%%

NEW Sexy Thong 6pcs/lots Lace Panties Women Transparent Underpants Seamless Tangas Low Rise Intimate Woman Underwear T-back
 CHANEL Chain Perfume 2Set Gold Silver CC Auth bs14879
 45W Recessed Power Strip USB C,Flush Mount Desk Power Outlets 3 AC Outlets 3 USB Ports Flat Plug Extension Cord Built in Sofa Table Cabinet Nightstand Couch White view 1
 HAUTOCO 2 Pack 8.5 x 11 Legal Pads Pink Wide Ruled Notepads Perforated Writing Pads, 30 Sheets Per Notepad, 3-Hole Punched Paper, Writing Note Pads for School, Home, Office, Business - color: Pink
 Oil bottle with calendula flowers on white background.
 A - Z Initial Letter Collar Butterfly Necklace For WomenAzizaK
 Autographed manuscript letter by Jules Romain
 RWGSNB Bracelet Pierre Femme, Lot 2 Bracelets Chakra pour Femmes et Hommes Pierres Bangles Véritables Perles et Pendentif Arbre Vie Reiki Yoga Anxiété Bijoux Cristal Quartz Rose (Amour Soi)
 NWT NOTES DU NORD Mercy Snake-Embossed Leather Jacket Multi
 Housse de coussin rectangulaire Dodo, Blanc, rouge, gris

%%

* _Aim of the exercise_: Return the data from the top line through the bottom line exactly.

* _Response area_:
NEW Sexy Thong 6pcs/lots Lace Panties Women Transparent Underpants Seamless Tangas Low Rise Intimate Woman Underwear T-back
 CHANEL Chain Perfume 2Set Gold Silver CC Auth bs14879
 45W Recessed Power Strip USB C,Flush Mount Desk Power Outlets 3 AC Outlets 3 USB Ports Flat Plug Extension Cord Built in Sofa Table Cabinet Nightstand Couch White view 1
 HAUTOCO 2 Pack 8.5 x 11 Legal Pads Pink Wide Ruled Notepads Perforated Writing Pads, 30 Sheets Per Notepad, 3-Hole Punched Paper, Writing Note Pads for School, Home, Office, Business - color: Pink
 Oil bottle with calendula flowers on white background.
 A - Z Initial Letter Collar Butterfly Necklace For WomenAzizaK
 Autographed manuscript letter by Jules Romain
 RWGSNB Bracelet Pierre Femme, Lot 2 Bracelets Chakra pour Femmes et Hommes Pierres Bangles Véritables Perles et Pendentif Arbre Vie Reiki Yoga Anxiété Bijoux Cristal Quartz Rose (Amour Soi)
 NWT NOTES DU NORD Mercy Snake-Embossed Leather Jacket Multi
 Housse de coussin rectangulaire Dodo, Blanc, rouge, gris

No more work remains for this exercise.